You say nothing in this commit about limbo queue. I have serious
doubts about your manipulation with it. The patch needs to be
split into pieces, each addressing its own problem and having a
test. Now I only see 1 test for so many changes.

-- 
Konstantin Osipov, Moscow, Russia

^ permalink raw reply	[flat|nested] 6+ messages in thread

* [tarantool-patches] Re: [PATCH 2/2] swim: disseminate event for log(cluster_size) steps
  2019-06-30  6:55   ` [tarantool-patches] " Konstantin Osipov
@ 2019-06-30 16:24     ` Vladislav Shpilevoy
  0 siblings, 0 replies; 6+ messages in thread
From: Vladislav Shpilevoy @ 2019-06-30 16:24 UTC (permalink / raw)
  To: Konstantin Osipov; +Cc: tarantool-patches



On 30/06/2019 08:55, Konstantin Osipov wrote:
> * Vladislav Shpilevoy <v.shpilevoy@tarantool.org> [19/06/30 09:04]:
> 
>  I don'
>> Before the patch there was a problem of events and anti-entropy
>> starvation, when a cluster generates so many events, that they
>> consume the whole UDP packet.

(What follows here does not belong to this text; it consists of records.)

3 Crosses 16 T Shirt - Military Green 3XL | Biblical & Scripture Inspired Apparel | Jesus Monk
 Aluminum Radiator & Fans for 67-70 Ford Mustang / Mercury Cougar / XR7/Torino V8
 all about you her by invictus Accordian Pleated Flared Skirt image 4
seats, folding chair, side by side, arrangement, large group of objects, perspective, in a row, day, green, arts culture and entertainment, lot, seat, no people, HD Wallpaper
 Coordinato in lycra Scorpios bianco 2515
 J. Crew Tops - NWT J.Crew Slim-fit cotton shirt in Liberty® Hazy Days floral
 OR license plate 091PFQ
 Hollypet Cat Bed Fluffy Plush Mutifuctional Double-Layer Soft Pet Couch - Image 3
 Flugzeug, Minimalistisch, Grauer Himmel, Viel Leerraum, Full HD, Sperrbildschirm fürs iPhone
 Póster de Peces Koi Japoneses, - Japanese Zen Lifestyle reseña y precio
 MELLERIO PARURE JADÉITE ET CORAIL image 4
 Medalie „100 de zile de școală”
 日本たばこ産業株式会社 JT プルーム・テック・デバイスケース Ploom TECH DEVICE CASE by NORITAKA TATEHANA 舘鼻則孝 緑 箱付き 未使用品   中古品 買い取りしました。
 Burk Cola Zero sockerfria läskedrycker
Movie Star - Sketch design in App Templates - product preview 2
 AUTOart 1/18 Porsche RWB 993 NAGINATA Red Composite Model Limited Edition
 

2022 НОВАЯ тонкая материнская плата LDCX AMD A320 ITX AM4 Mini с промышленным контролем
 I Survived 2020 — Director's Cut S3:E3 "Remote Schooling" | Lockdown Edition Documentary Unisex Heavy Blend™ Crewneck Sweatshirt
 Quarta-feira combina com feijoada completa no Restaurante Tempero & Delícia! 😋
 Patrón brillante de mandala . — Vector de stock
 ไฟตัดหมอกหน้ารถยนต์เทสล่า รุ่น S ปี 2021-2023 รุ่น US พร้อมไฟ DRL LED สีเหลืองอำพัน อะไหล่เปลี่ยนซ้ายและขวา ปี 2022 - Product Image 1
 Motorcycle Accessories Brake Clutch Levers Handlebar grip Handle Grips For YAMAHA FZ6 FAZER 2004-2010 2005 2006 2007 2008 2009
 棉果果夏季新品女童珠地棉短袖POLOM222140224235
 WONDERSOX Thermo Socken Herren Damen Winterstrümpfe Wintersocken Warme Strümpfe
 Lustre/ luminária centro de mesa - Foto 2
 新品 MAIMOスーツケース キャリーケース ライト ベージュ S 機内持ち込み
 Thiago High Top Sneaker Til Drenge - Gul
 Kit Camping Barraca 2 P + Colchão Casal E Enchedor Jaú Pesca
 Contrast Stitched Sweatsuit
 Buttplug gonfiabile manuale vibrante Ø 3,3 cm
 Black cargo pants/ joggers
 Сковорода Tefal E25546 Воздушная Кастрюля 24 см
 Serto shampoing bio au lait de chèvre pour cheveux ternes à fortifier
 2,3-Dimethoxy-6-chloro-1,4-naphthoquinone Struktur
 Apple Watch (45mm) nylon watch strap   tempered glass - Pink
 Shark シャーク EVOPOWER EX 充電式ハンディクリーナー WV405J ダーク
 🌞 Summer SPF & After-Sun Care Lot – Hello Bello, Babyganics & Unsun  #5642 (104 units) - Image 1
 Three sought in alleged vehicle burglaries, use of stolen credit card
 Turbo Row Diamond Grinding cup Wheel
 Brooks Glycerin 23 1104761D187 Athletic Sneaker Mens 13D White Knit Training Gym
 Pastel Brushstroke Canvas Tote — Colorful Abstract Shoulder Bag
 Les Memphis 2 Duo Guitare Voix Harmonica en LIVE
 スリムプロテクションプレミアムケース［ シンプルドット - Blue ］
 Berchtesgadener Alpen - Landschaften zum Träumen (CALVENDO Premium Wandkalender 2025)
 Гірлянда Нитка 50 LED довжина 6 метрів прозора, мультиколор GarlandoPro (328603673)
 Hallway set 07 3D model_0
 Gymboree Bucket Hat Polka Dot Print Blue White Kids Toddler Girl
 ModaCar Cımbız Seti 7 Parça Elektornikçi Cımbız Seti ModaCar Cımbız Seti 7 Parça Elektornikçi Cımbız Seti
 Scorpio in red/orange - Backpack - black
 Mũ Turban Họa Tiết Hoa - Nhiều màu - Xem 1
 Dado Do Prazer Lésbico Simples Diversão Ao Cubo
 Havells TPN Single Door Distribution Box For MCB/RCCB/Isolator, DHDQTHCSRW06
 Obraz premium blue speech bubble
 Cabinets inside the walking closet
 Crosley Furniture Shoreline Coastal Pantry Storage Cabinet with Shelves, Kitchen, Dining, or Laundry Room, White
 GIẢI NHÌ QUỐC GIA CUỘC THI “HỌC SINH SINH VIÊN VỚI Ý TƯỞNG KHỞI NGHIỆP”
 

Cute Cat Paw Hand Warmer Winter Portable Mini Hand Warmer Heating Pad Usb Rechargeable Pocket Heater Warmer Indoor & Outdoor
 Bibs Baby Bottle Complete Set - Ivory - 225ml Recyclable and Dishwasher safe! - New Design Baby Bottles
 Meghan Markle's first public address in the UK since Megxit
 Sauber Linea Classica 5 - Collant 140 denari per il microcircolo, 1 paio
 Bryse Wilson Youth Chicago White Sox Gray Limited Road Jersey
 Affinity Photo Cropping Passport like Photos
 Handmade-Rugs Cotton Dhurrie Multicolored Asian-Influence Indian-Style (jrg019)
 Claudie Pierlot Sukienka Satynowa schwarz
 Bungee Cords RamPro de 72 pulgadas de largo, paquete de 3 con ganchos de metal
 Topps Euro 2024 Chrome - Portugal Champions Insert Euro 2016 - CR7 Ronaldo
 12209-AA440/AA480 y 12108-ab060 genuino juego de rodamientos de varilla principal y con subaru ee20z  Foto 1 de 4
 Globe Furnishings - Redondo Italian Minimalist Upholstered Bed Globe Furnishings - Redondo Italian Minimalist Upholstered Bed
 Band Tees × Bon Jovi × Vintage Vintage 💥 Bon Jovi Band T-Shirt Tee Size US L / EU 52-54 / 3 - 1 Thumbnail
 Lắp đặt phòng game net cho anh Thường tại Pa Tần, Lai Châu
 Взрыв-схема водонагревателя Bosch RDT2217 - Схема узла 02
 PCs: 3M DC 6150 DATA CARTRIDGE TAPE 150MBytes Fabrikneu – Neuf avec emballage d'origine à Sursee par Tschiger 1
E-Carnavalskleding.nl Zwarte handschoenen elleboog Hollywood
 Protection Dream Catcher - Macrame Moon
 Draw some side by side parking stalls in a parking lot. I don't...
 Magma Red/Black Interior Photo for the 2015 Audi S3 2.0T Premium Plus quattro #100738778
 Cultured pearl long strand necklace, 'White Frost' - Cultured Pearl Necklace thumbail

If during the event storm something
>> important happens, that event is likely to be lost, and not
>> disseminated until the storm is over.
>>
>> Sadly, there is no way to prevent a storm, but it can be made
>> much shorter. For that the patch makes TTD of events logarithmic
>> instead of linear of cluster size.
>>
>> According to the SWIM paper and to the experiments the logarithm
>> is really enough. Linear TTD was a redundant overkill.
>>
>> When events live shorter, it does not solve a problem of the
>> events starvation - still some of them can be lost in case of a
>> storm. But it frees some space for anti-entropy, which can finish
>> dissemination of lost events.
>>
>> Experiments in a simulation of a cluster with 100 nodes showed,
>> that a failure dissemination happened in ~110 steps if there is
>> a storm. Linear dissemination is the worst problem.
>> After the patch it is ~20 steps. So it is logarithmic as it
>> should be, although with a bigger constant than without a storm.
> 
> You say nothing in this commit about limbo queue. I have serious
> doubts about your manipulation with it. The patch needs to be
> split into pieces, each addressing its own problem and having a
> test. Now I only see 1 test for so many changes.
> 

Limbo queue makes no sense before logarithmic TTD. I can add it in
a separate commit, but then the first commit with log TTD will fail
some tests. And they will be fixed in the second one adding the limbo
queue.

If you don't like the limbo queue idea, then answer on my cover
letter in this thread, where I explain what alternatives exist for
the limbo queue.

^ permalink raw reply	[flat|nested] 6+ messages in thread

* [tarantool-patches] Re: [PATCH 1/2] swim: prefer new events for dissemination over old
  2019-06-29 23:45 ` [tarantool-patches] [PATCH 1/2] swim: prefer new events for dissemination over old Vladislav Shpilevoy
@ 2019-06-30 16:25   ` Vladislav Shpilevoy
  0 siblings, 0 replies; 6+ messages in thread
From: Vladislav Shpilevoy @ 2019-06-30 16:25 UTC (permalink / raw)
  To: tarantool-patches; +Cc: kostja

This commit is dropped. It was discussed verbally, that it would
be better to implement more smart priority queue for events.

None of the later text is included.